> Problem
All lines below between the line with "Fender Eric Clapton" and the line with "Gespräch mit Guido Cantz.", including both, must be copied exactly, and the pictures must be omitted.

> Data in this exercise
=-=-=-=-=
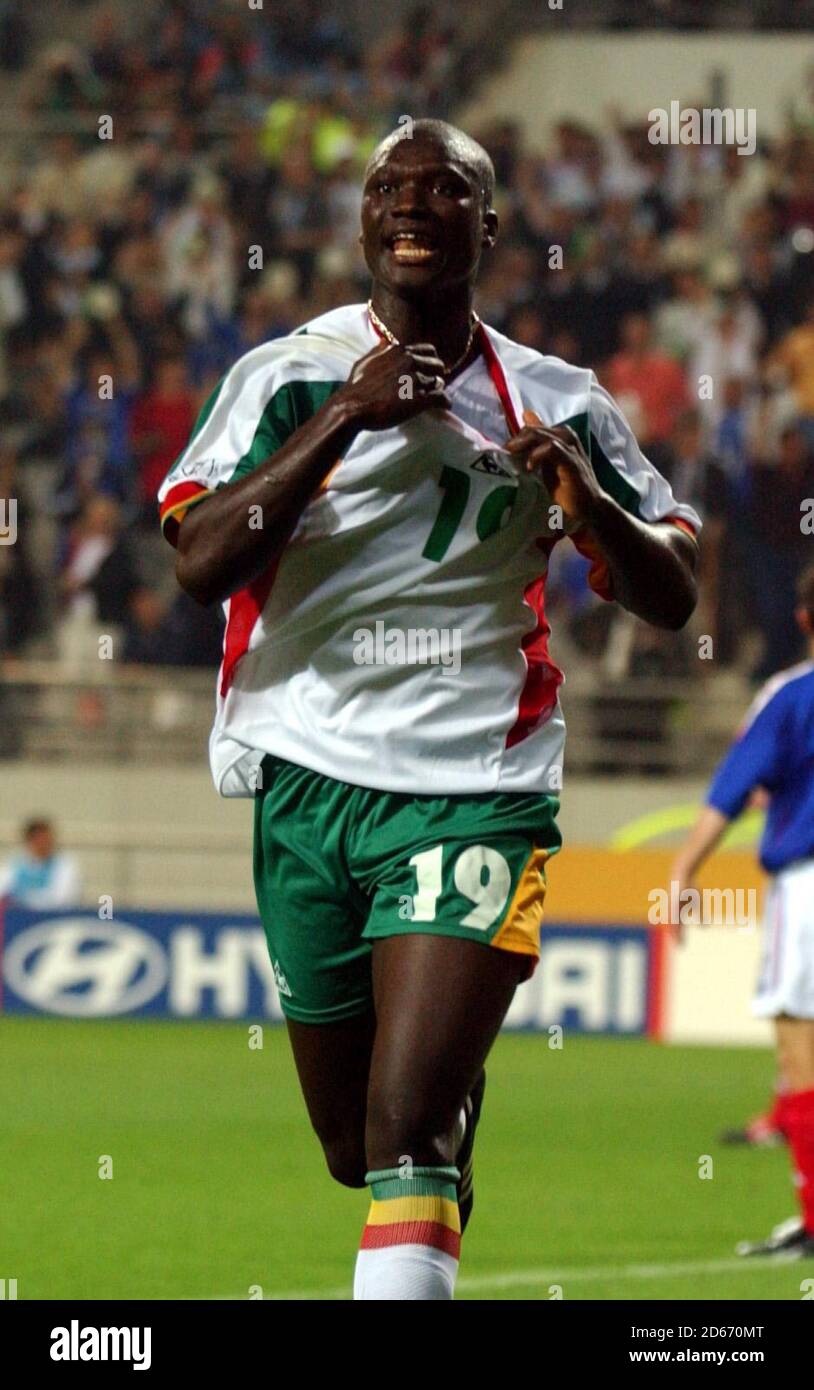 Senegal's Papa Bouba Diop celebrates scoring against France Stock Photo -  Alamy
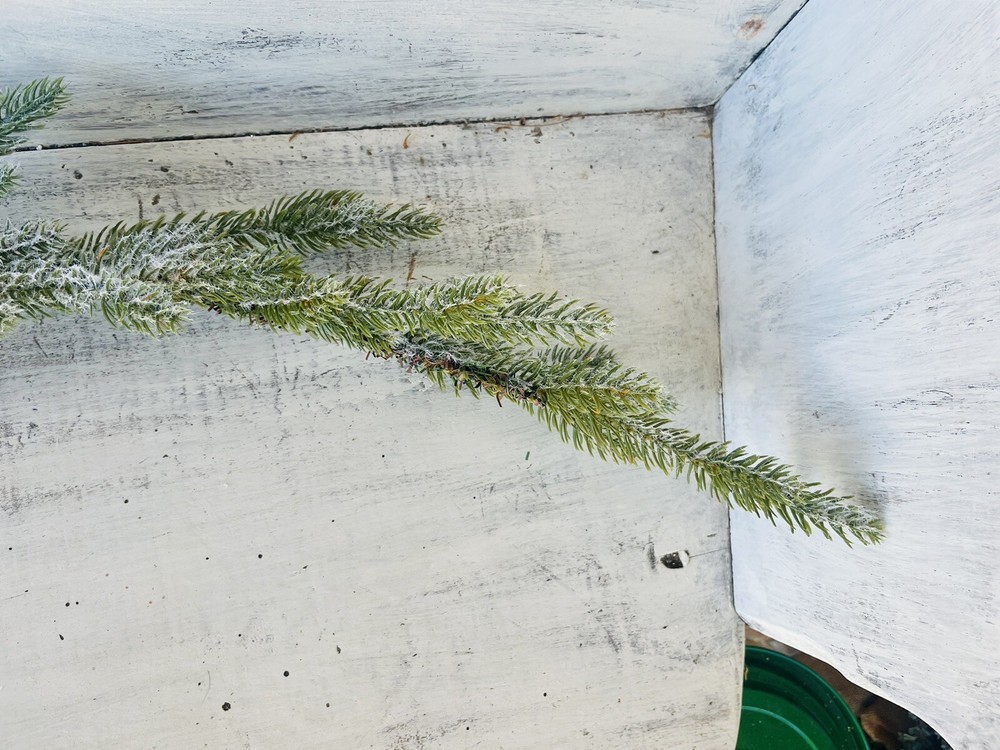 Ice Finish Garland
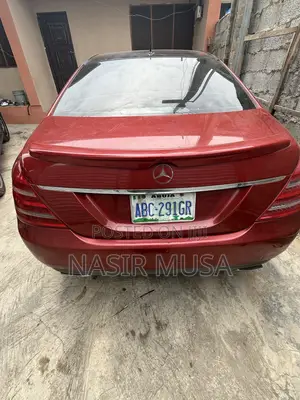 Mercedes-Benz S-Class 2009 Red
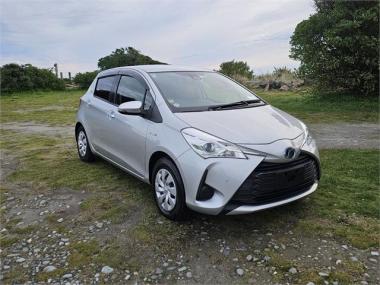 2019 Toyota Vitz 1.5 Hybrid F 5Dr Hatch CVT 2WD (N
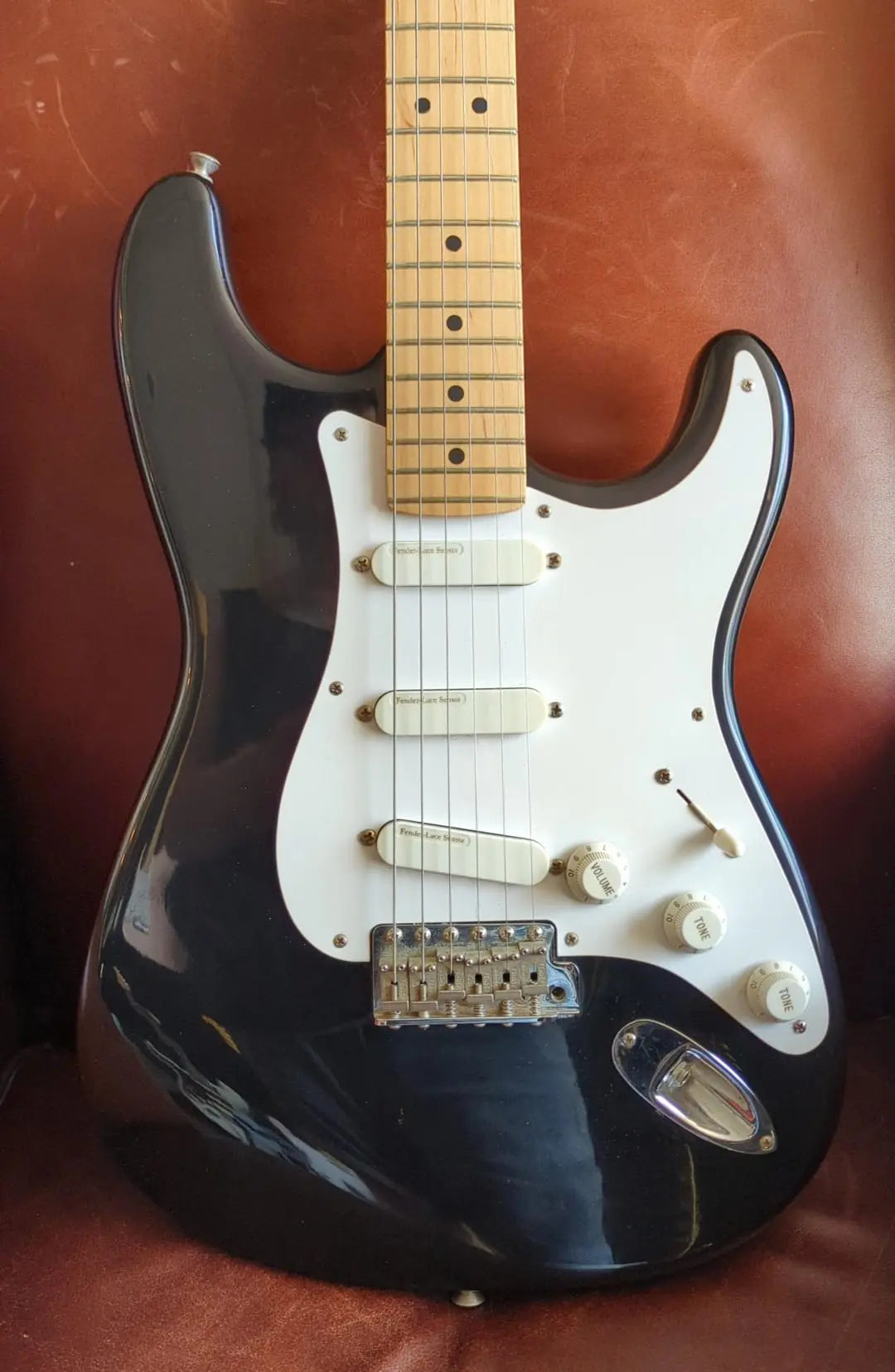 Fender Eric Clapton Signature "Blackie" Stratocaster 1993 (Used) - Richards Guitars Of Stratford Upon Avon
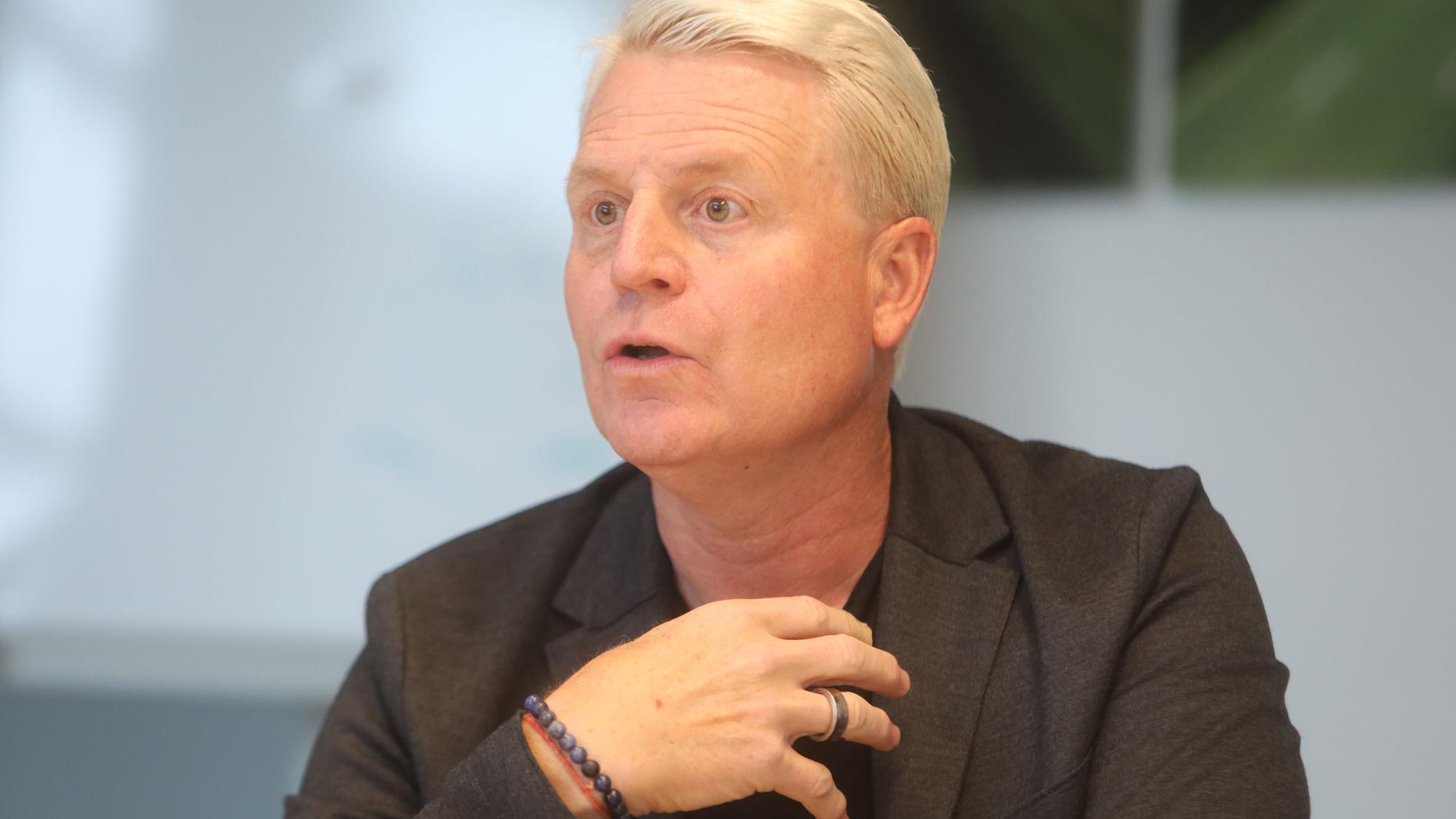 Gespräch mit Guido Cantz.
=-=-=-=-=
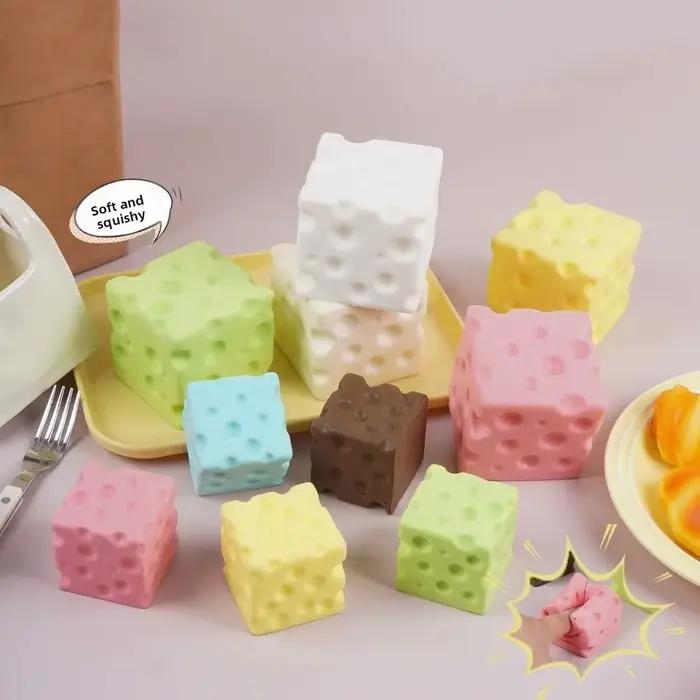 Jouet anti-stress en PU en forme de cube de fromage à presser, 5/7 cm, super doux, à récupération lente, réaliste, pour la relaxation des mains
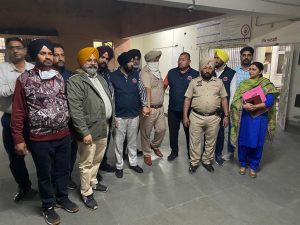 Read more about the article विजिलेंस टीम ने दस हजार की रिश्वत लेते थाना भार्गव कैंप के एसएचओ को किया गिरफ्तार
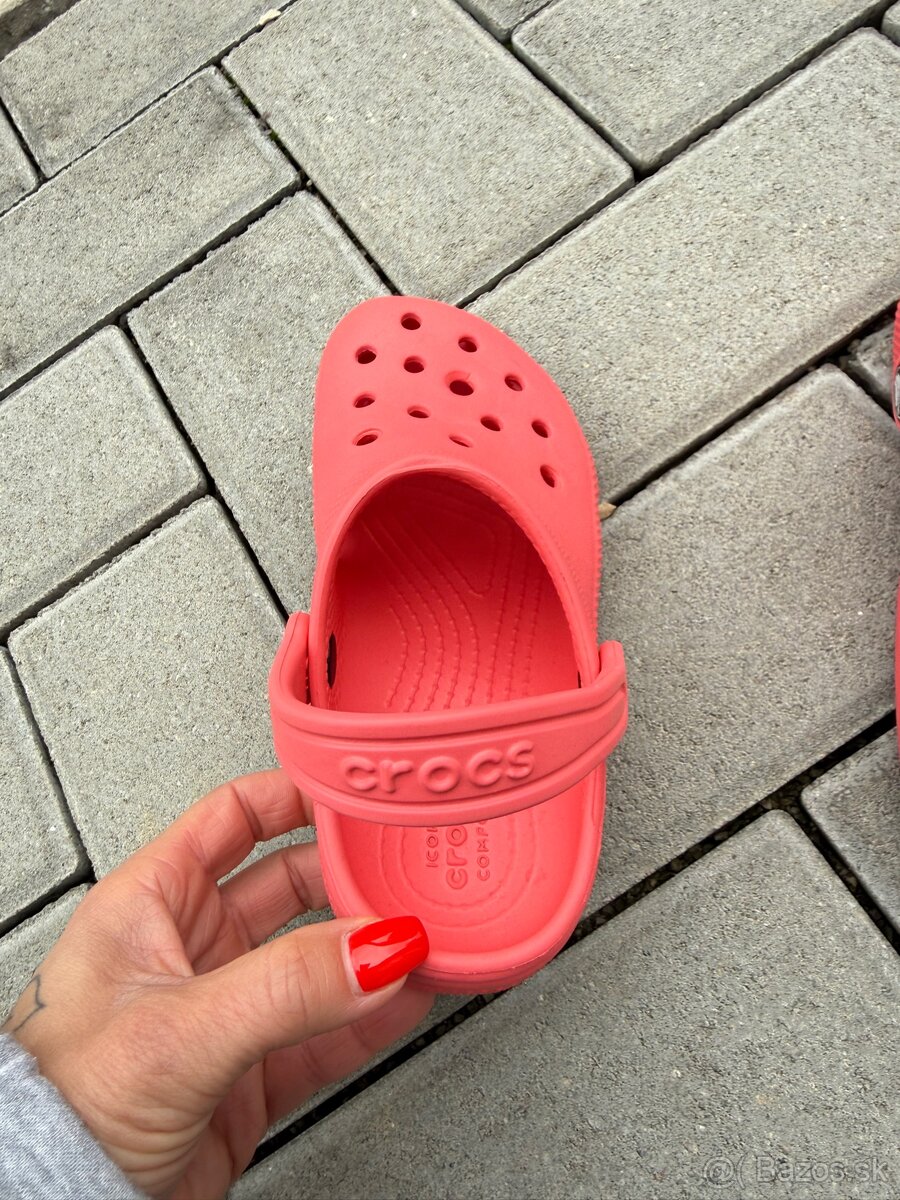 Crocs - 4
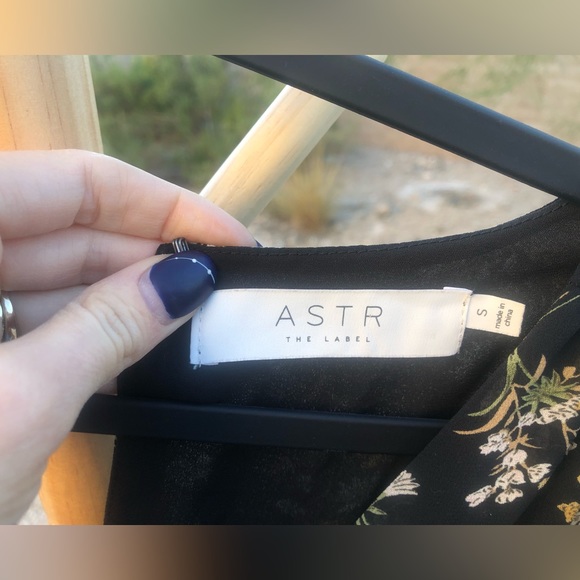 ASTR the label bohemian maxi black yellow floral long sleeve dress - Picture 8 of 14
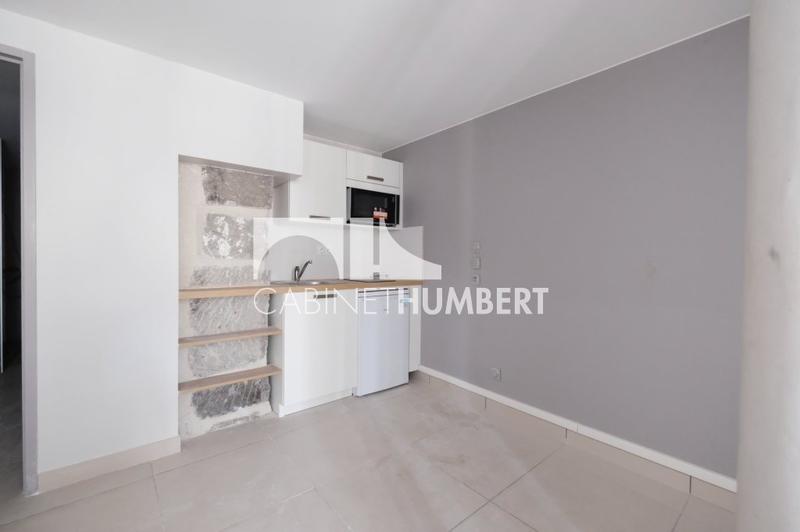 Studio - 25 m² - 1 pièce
=-=-=-=-=
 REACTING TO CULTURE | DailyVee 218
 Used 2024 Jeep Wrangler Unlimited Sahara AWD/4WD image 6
=-=-=-=-=
> Problem solution
 Fender Eric Clapton Signature "Blackie" Stratocaster 1993 (Used) - Richards Guitars Of Stratford Upon Avon
 Gespräch mit Guido Cantz.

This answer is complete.